Oxfam Calls for Lifting US Sanctions Against Cuba
Seventy-eight percent of women and girls living in Cuba were born under the pressure exerted by the US blockade on the island for nearly six decades. According to a new Oxfam report, these sanctions impact the daily lives of all Cubans, but especially women. The blockade affects families and their livelihoods, and limits progress toward a more fair and inclusive society.
The new Oxfam report, Right to Live Without a Blockade: The impact of US sanctions on the Cuban population and women’s lives, explains how US policy blocks people from developing their capabilities and exercising leadership to pursue their goals and fully exercise their rights, particularly affecting the most vulnerable groups.
“Oxfam calls for the US blockade to be lifted. For over a year, these sanctions have represented a real obstacle to the procurement of mechanical ventilators, face masks, diagnostic kits, reagents, vaccination syringes, and other necessary materials to address COVID-19. Our organization supports the campaign for a people’s vaccine that is free and accessible as soon as possible to everyone, everywhere. Cuba is developing five of its own vaccine candidates, two of which are currently in the final phases of clinical trials. Yet by blocking trade and commercial transactions, the US blockade is delaying widespread vaccination on the island,” Elena Gentili, of Oxfam Representative in Cuba, explains.
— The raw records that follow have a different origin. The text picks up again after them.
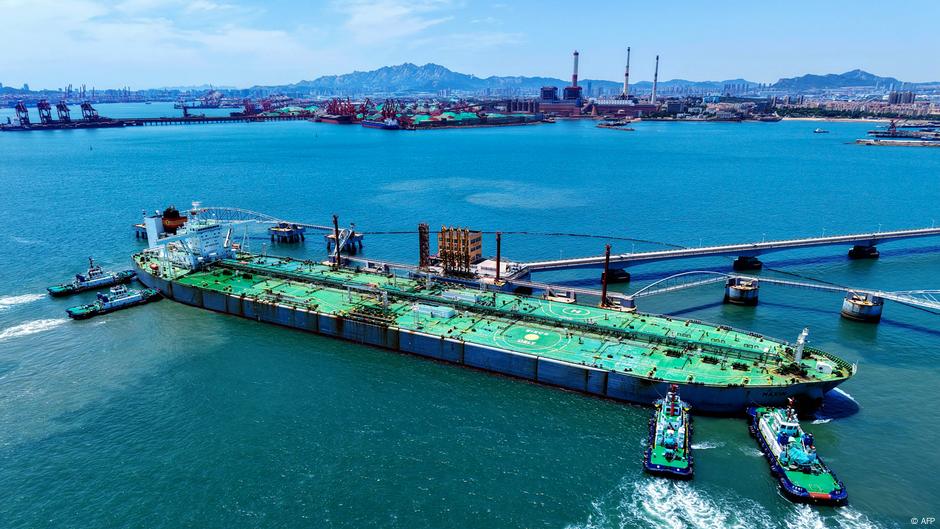 What if India and China stop buying Russian oil? – DW – 08/06/2025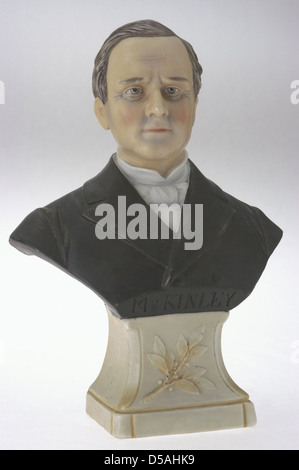 Une plaque de portrait en céramique représentant William McKinley, le 25e président des États-Unis, créée vers 1896. La plaque faisait partie d'un ensemble commémoratif produit après l'assassinat de McKinley en 1901. Banque D'Images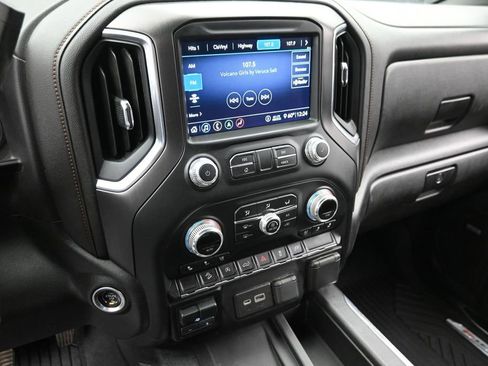 Used 2020 GMC Sierra 1500 AT4 w/ AT4 Preferred Package AWD/4WD image 14
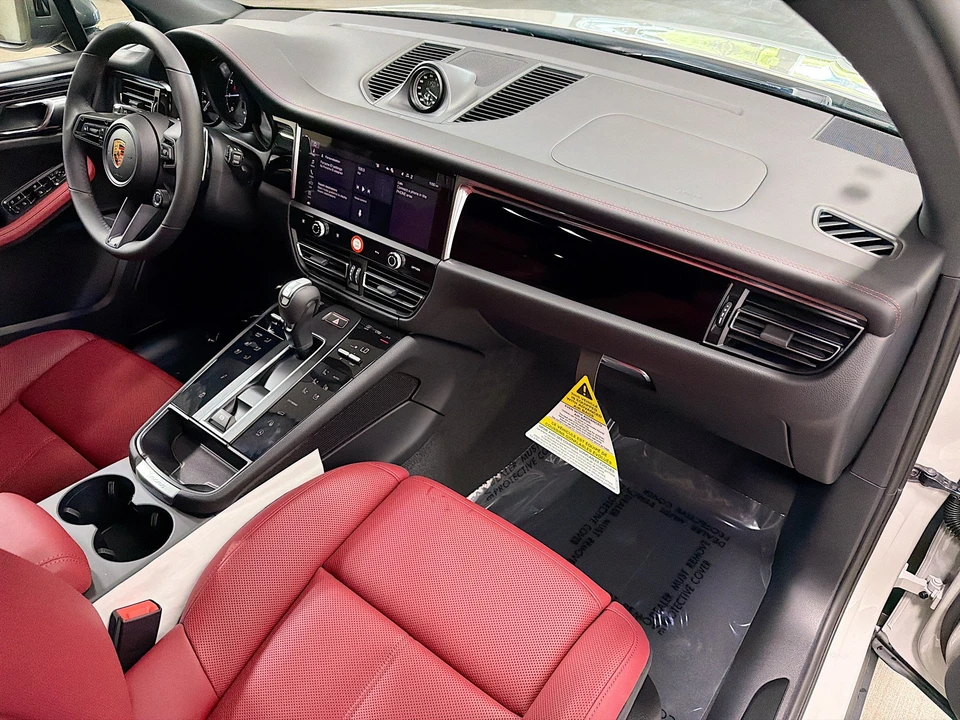 2026 Porsche Macan T - Image 15 of 31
Based on the research for this study and our experience working in Cuba since 1993 with local stakeholders, communities, cooperatives, partner organizations, and allies, Oxfam recognizes how the US blockade deepens the economic crisis and restricts access to suppliers of medicines, technology, food, and other essential products.
This report asks: what has it meant to experience the current health crisis in a country under an economic, commercial, and financial blockade? The Trump administration imposed over 240 sanctions to tighten this policy, 55 of which were implemented in the context of the COVID-19 pandemic.
These measures had already severely limited private sector activity, especially tourism-related enterprises, even before the COVID-19 crisis. A survey conducted on the island by the Cuba Standard Business Confidence Survey in 2020 revealed that over 60 percent of entrepreneurs felt that the harm the pandemic caused to their businesses in the last year was equal to the consequences of the US blockade.
The report includes a foreword by the Washington Office on Latin America (WOLA), a leading human rights organization that has focused on US-Cuba policy since the 1990s. WOLA President Geoff Thale echoes Oxfam’s call to end the blockade.
“The embargo against Cuba has achieved nothing throughout the decades of its existence beyond contributing to human suffering, especially the suffering of women on the island,” said Thale. “This report is essential in highlighting the current health crisis in Cuba and how US policy has exacerbated the damage.”
The analysis conducted by Oxfam based on research by the Centro de Investigaciones de la Economía Mundial (The Global Economy Research Center, or CIEM) and women’s testimonies confirmed that the blockade reinforces the patriarchal system and turns a blind eye to women’s different needs, potential, opportunities, and autonomy. The sanctions affect women in their private lives, as they carry the heaviest burden of reproductive labor and efforts to sustain daily life. Cuban women spend approximately 35.2 hours per week on household work and family care, and women are the heads of 46 percent of households on the island. The blockade also affects women in the public sphere, as their demands are unmet in the workforce and in academics, and as they struggle each day to make ends meet.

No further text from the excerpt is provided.